The response should consist only of the lines from the one with "для лучшего вида" to the end of the data below, copied exactly and without pictures.

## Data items
▼▼▼

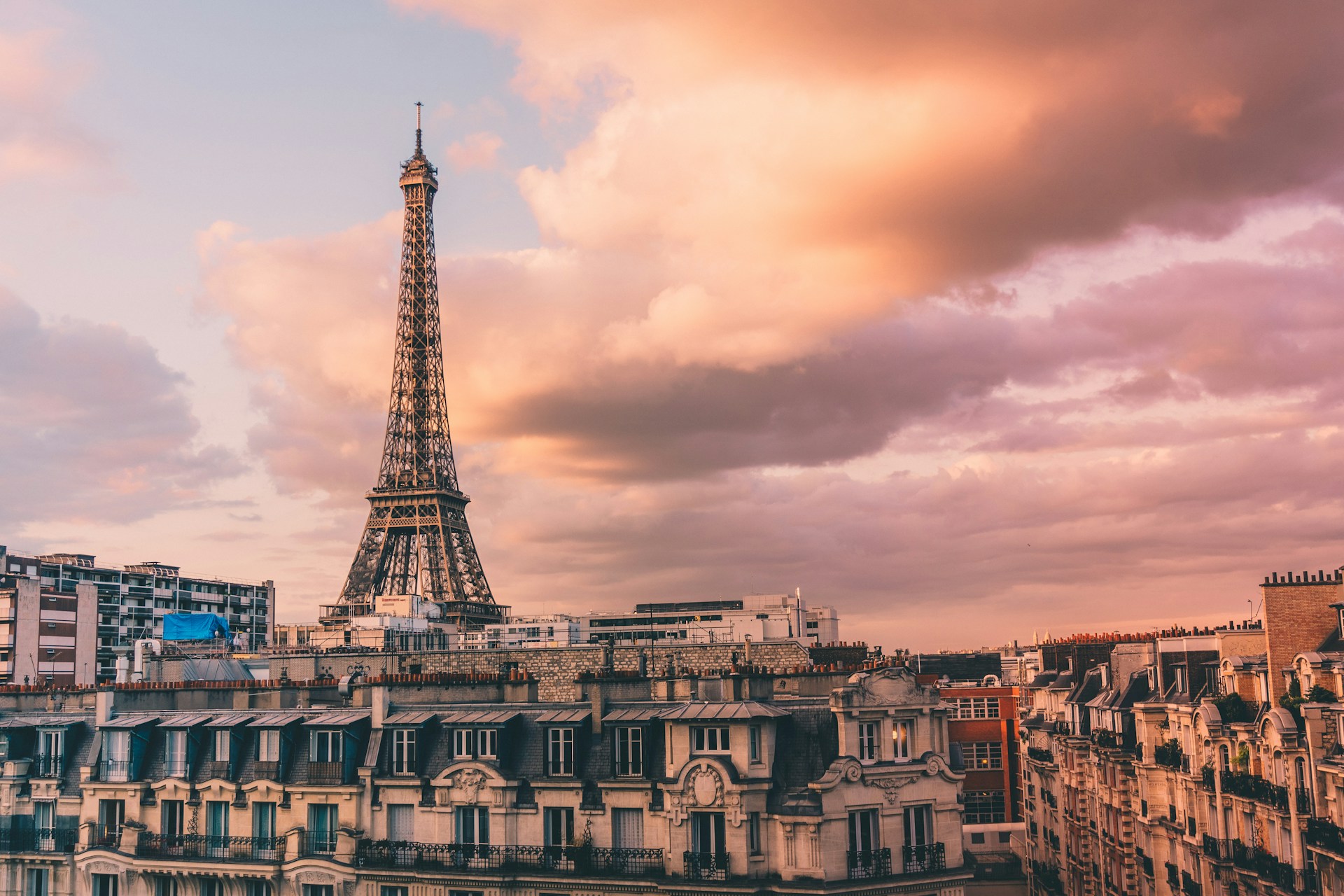 An image of the Eiffel Tower at sunset.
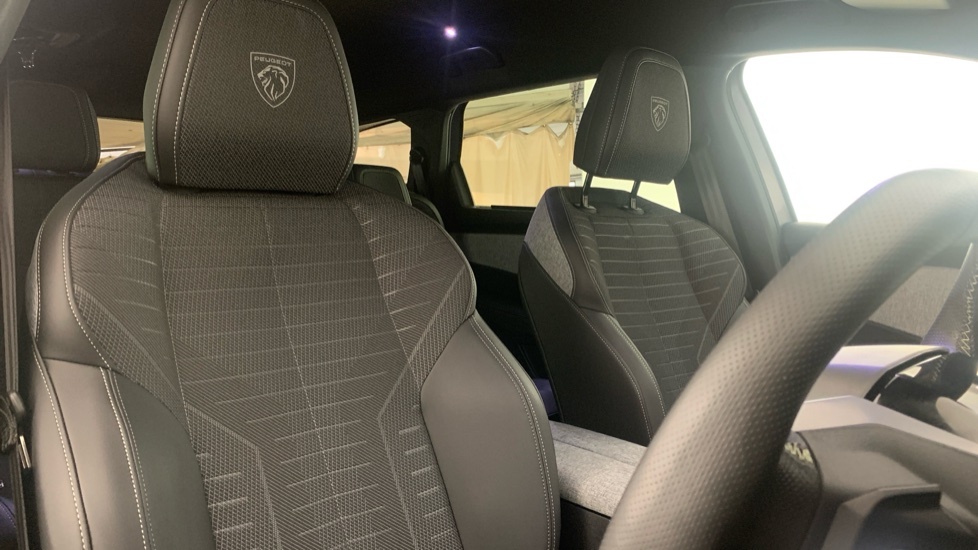 Peugeot 5008 1.2 Hybrid 136 Gt E-dsc6 Black #40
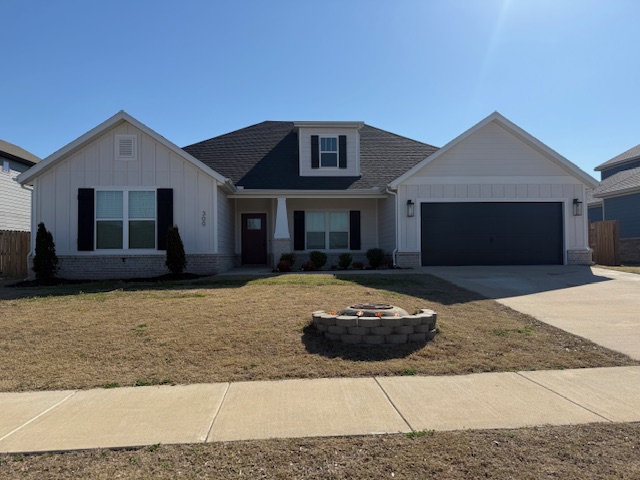 Pea Ridge House: 300 Wilson Blvd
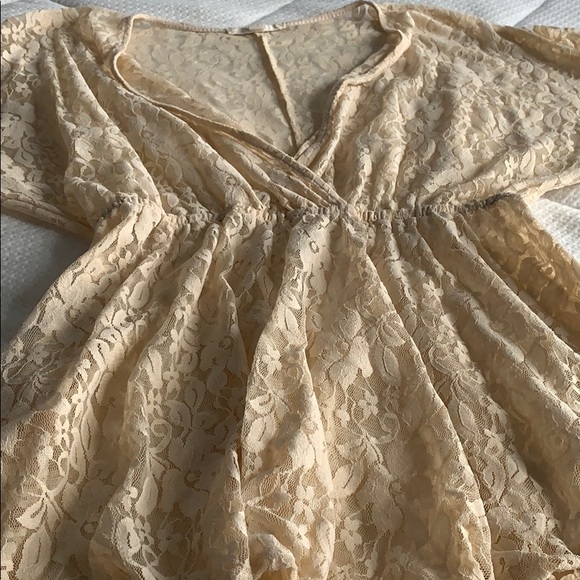 Swim cover up - Picture 3 of 3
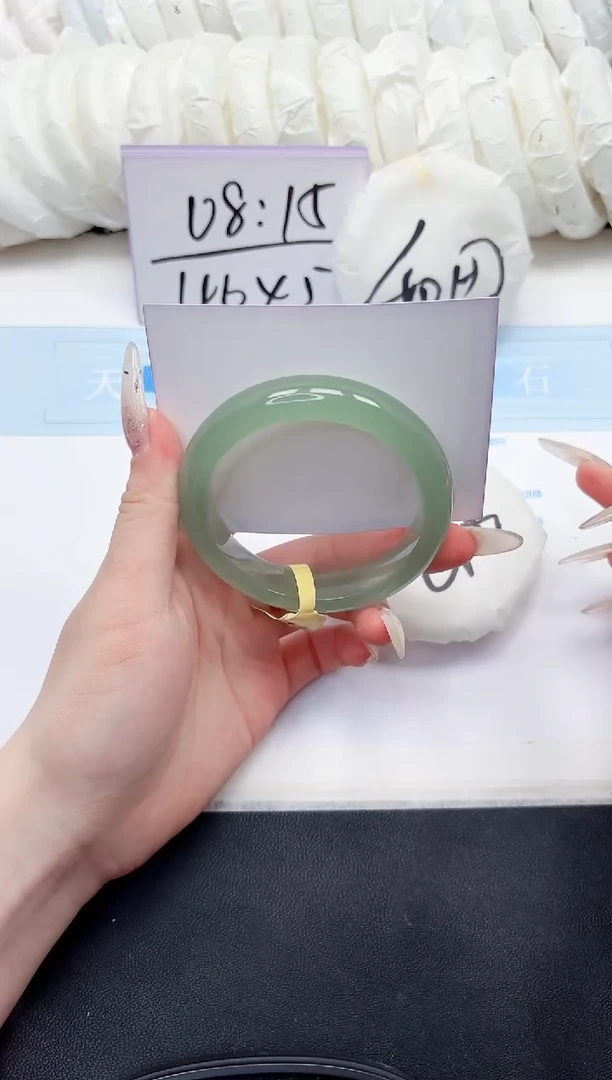 未镶嵌手镯石英质玉302-62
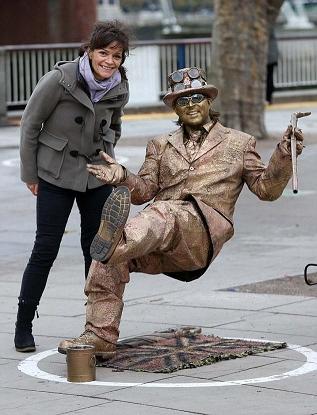 不堪入目，杭州女大学生地铁“奴性”事件遭疯传，网友：震碎三观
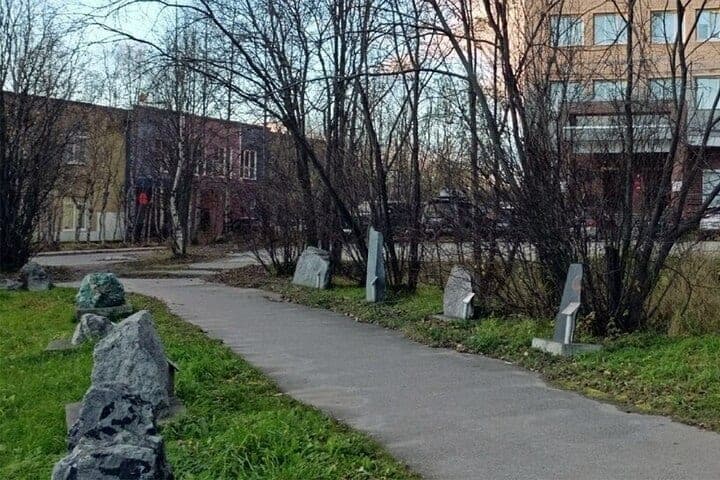 В апатитском «Саду камней» подрежут растительность для лучшего вида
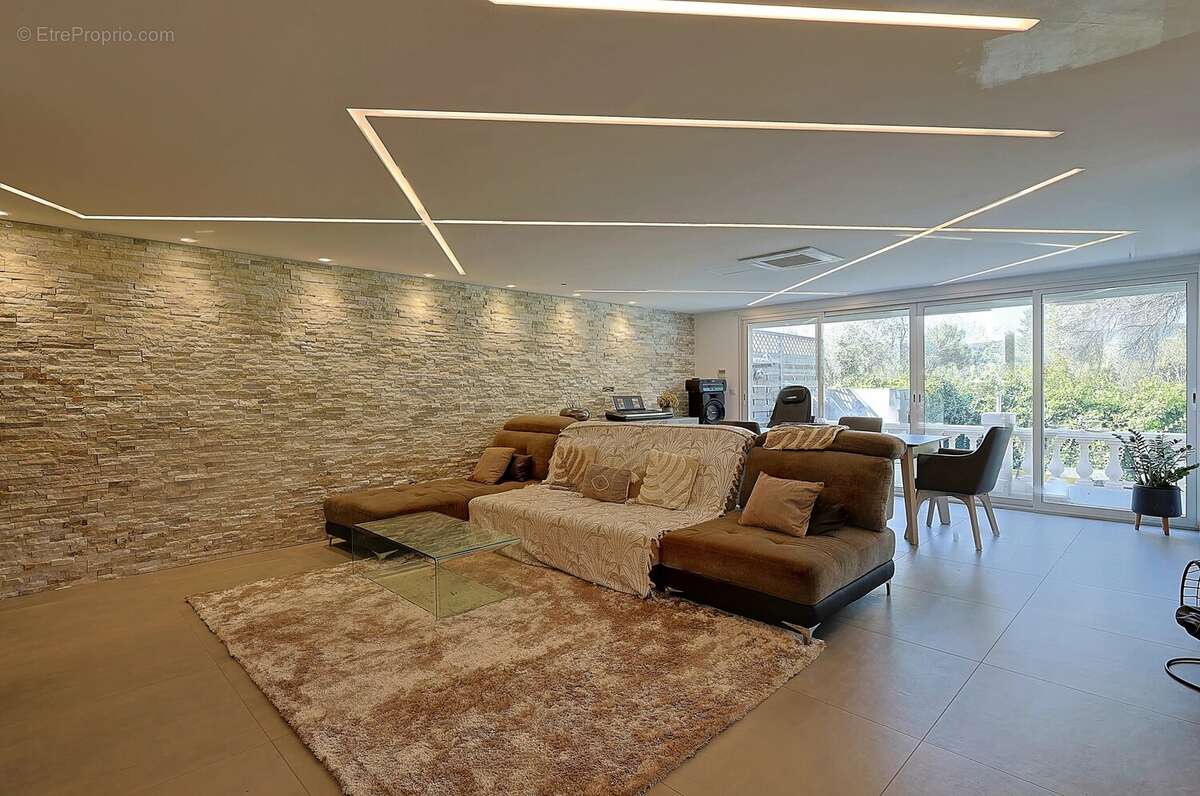 Maison à ANTIBES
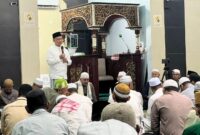 Wali Kota Pontianak Edi Rusdi Kamtono menyampaikan tausiyah singkat dalam rangkaian Safari Ramadan.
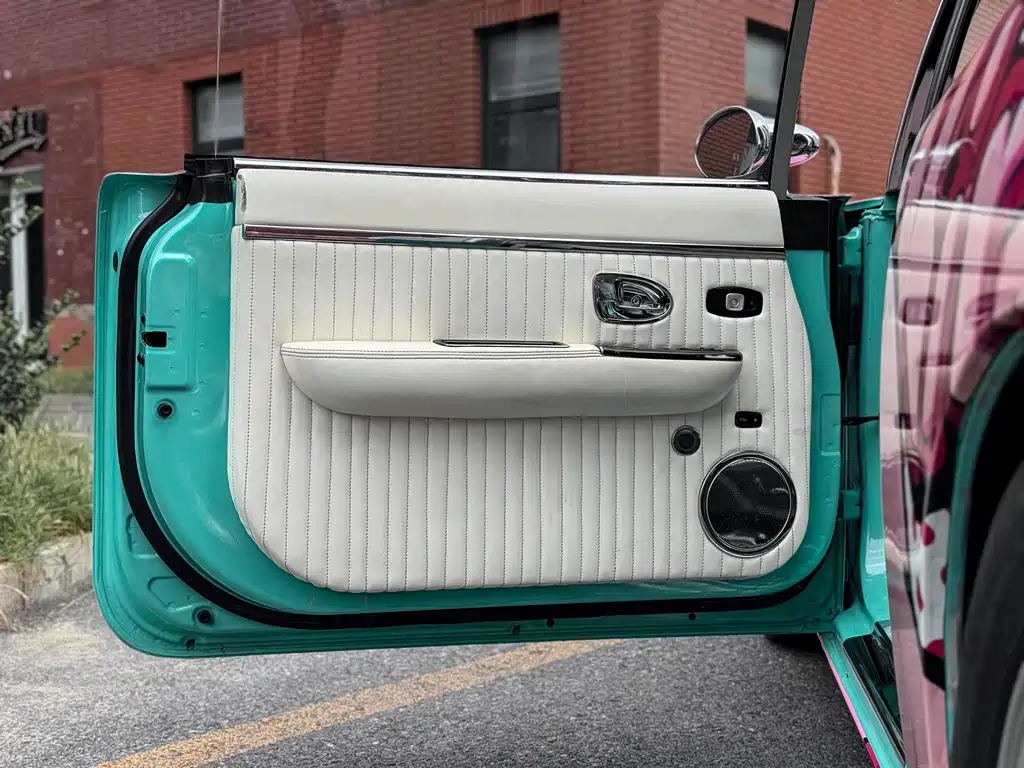 SONGSAN MOTORS SS DOLPHIN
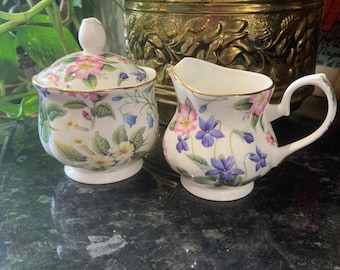 Rose of England pattern fine bone china creamer and lidded pot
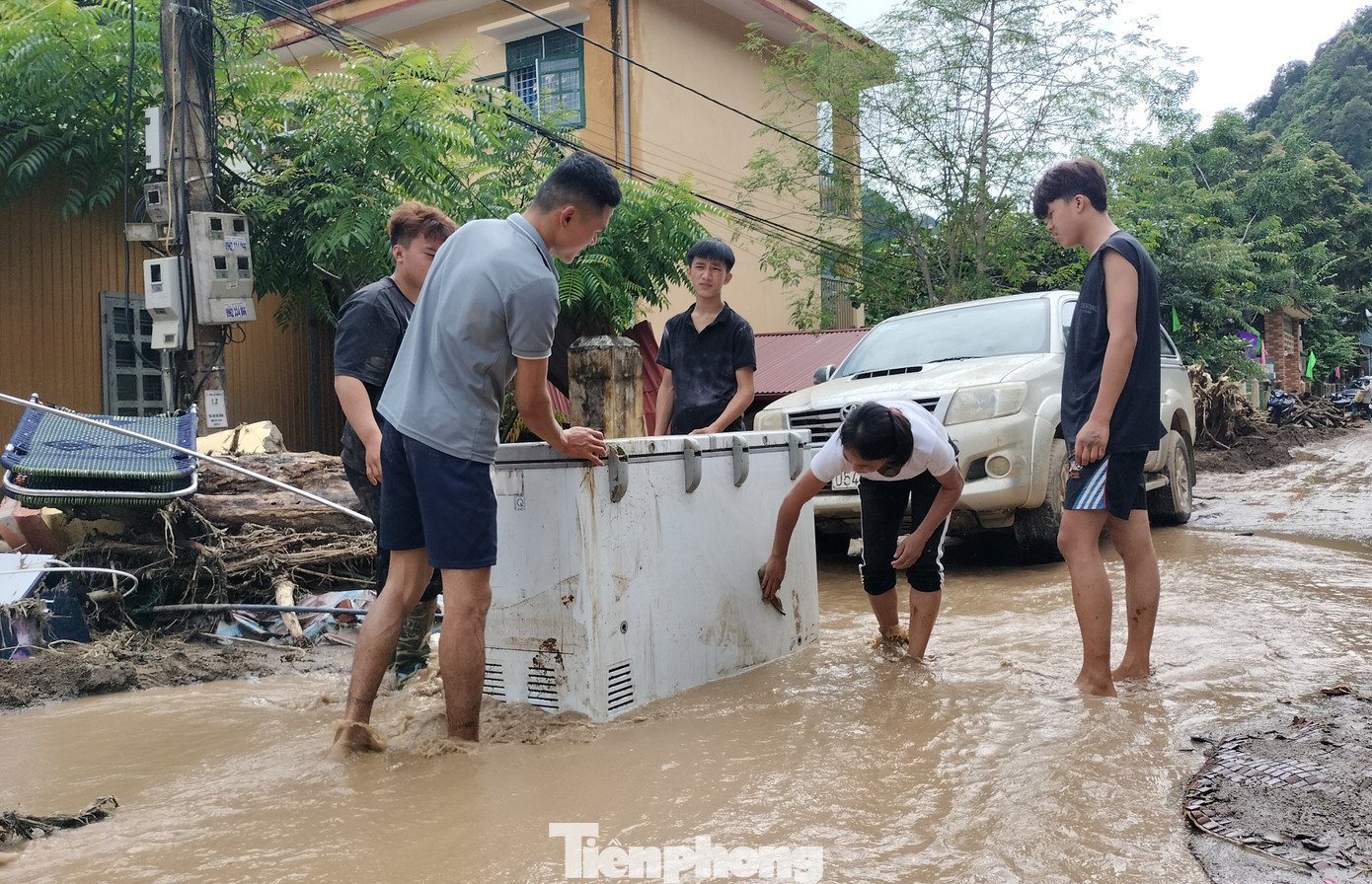 Dọc tuyến đường Quốc lộ 32 đoạn qua địa phận thôn Trống Là, xã Hồ Bốn, người dân cũng tất bật thu dọn những vật dụng còn sót lại.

▲▲▲

## Response area
 В апатитском «Саду камней» подрежут растительность для лучшего вида
 Maison à ANTIBES
 Wali Kota Pontianak Edi Rusdi Kamtono menyampaikan tausiyah singkat dalam rangkaian Safari Ramadan.
 SONGSAN MOTORS SS DOLPHIN
 Rose of England pattern fine bone china creamer and lidded pot
 Dọc tuyến đường Quốc lộ 32 đoạn qua địa phận thôn Trống Là, xã Hồ Bốn, người dân cũng tất bật thu dọn những vật dụng còn sót lại.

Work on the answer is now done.